I'm facing a very hard time tracking failures in our unit tests and working around them. Here's the situation:
1- Many of our unit tests run in-process M/R jobs using the LocalJobRunner.
2- We often do things before the M/R jobs and things afte the M/R to validate the outcome.
3- With HBASE-2669 adding the HCM.deleteAllConnections(true) to the TableOutputFormat.close() method, any connections that were open before the M/R job will be closed.
4- Furthermore, any Configuration instance that we used before to get an HTable or HBaseAdmin or anything else that uses HConnection's can no longer be used to initialize any new classes.

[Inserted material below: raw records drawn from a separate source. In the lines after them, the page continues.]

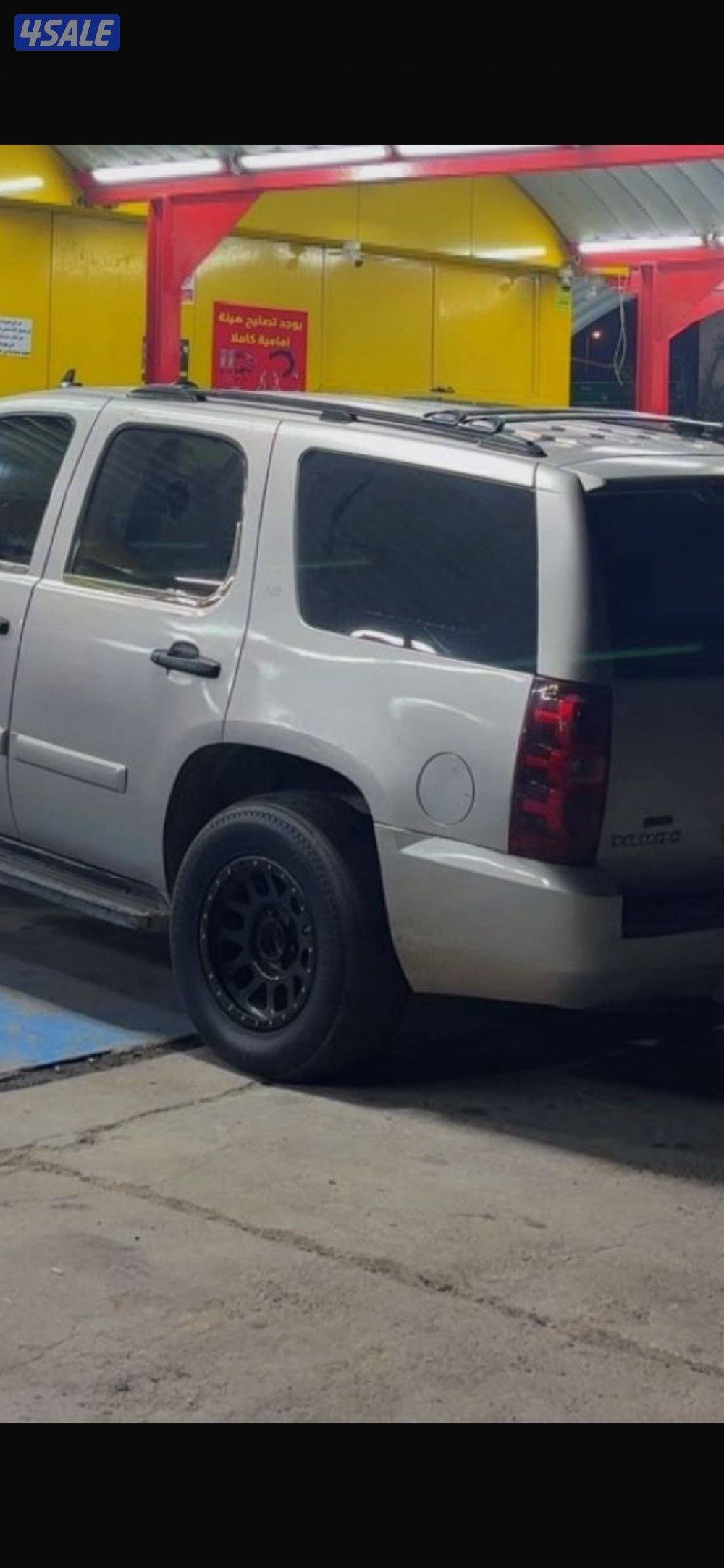 رنقات ميثود حجم 17 6 براغي مع تواير جدد نضاف موديل حديث0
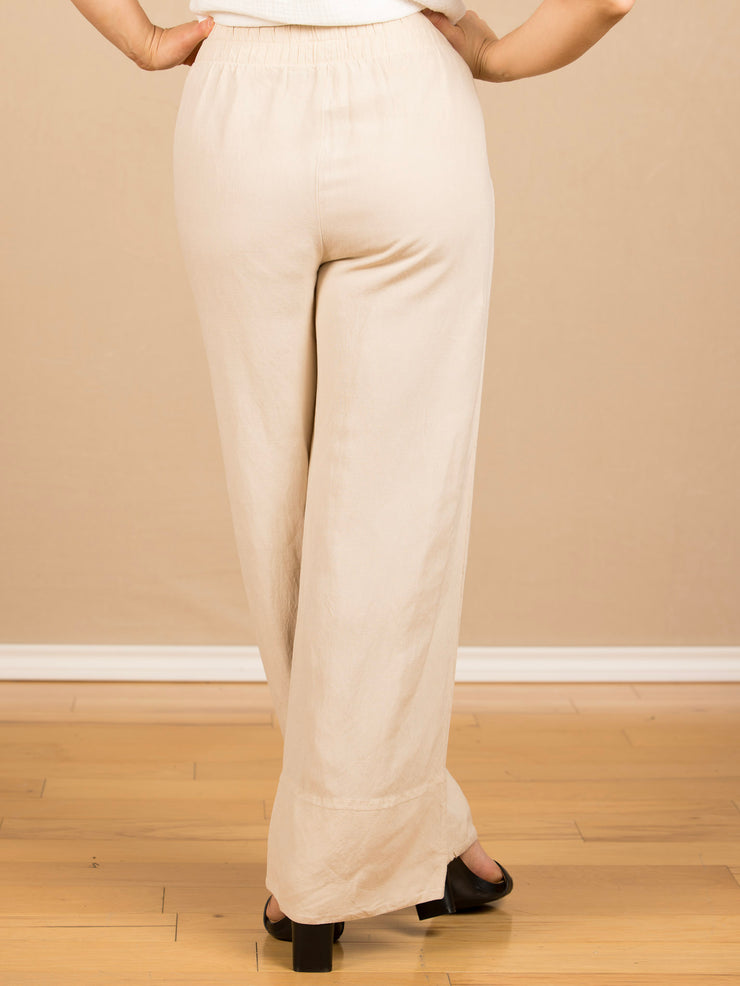 Wide Leg Pant Moroccan Sand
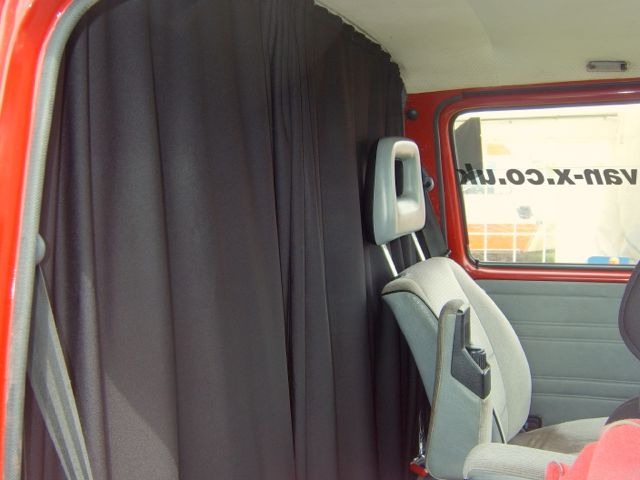 Citroën Jumper Trennvorhang-Set für die Fahrerkabine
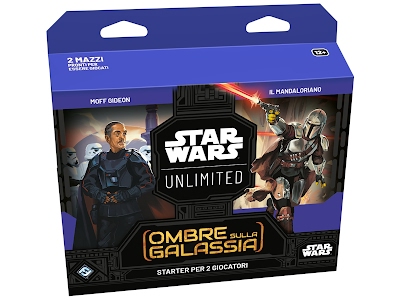 Star Wars Unlimited - Ombre sulla Galassia: Starter Set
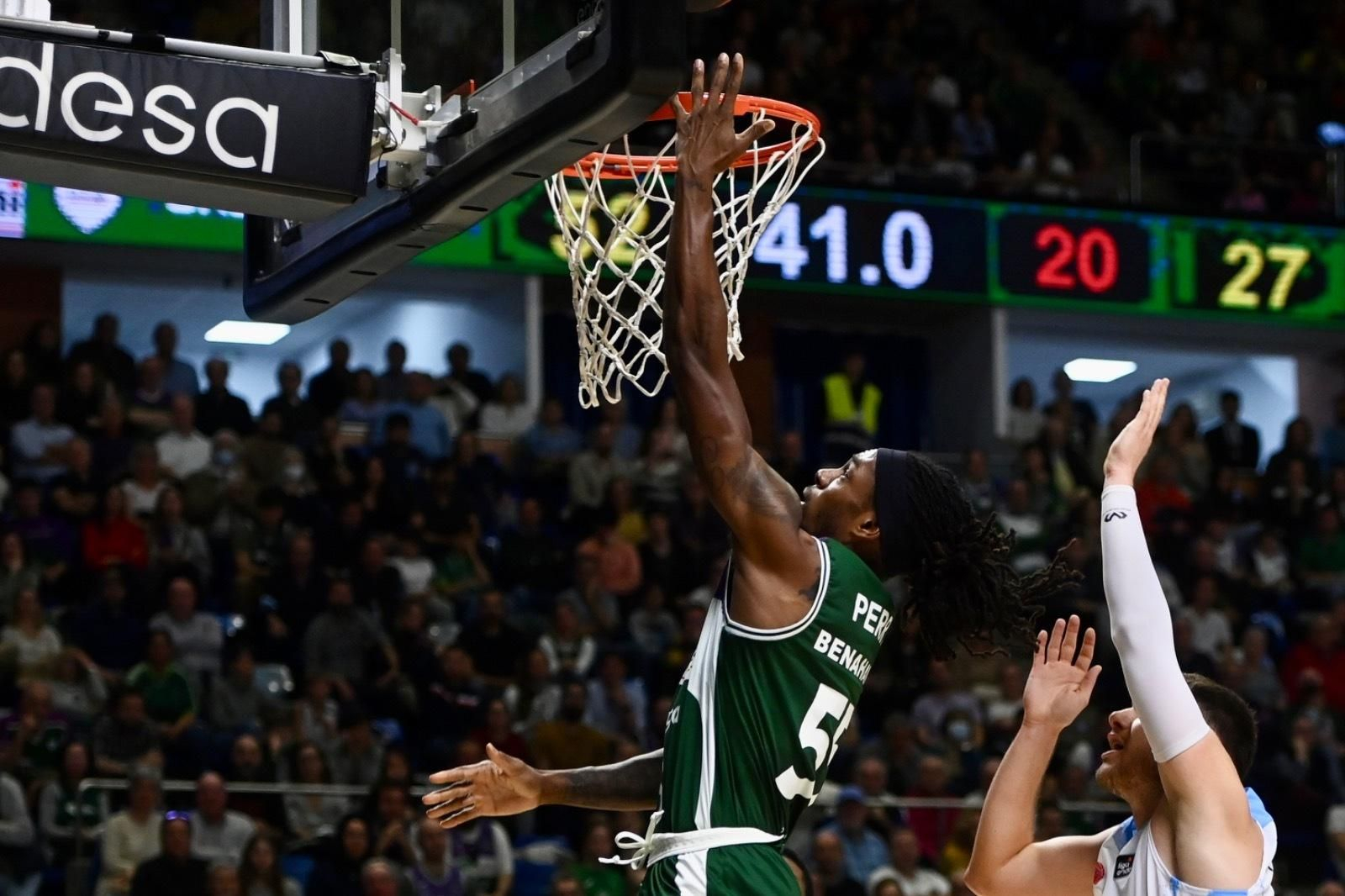 El Unicaja - Río Breogan, en fotos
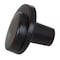 Gliderite Hardware 1-1/8 in. Oil Rubbed Bronze Swirl Cabinet Knob, 5PK 5414-ORB-5 - alternate 2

Here's an example that used to work before HBASE-2669 but now fails:
<code>
public static void main(String[] argv) throws Exception {
final String table1 = "atable" + System.currentTimeMillis();
final String table2 = "btable" + System.currentTimeMillis();
final String family = "afamily";
Configuration config = HBaseConfiguration.create(); // I have a single-node HBase cluster started
// and no JobTracker configured.
HBaseTestingUtility util = new HBaseTestingUtility(config);
// create the table
HTable t1 = util.createTable(Bytes.toBytes(table1), Bytes.toBytes(family));
util.loadTable(t1, Bytes.toBytes(family));
HBaseAdmin admin = new HBaseAdmin(new Configuration(config));
HTable t2;
if (admin.tableExists(table2)) {
t2 = new HTable(new Configuration(config), Bytes.toBytes(table2));
// make sure t2 is empty
if (t2.getScanner(new Scan()).iterator().hasNext()) {
throw new IllegalStateException("t2 is not empty");
}
}
else {
t2 = util.createTable(Bytes.toBytes(table2), Bytes.toBytes(family));
}
// export t1 to disk
Path dir = new Path("/tmp/" + System.currentTimeMillis());
Job ex = Export.createSubmittableJob(new Configuration(config), new String[]{table1, dir.toString(), });
if (!ex.waitForCompletion(true)) {
throw new RuntimeException("Export job failed.");
}
// import into t2
Job im = Import.createSubmittableJob(new Configuration(config)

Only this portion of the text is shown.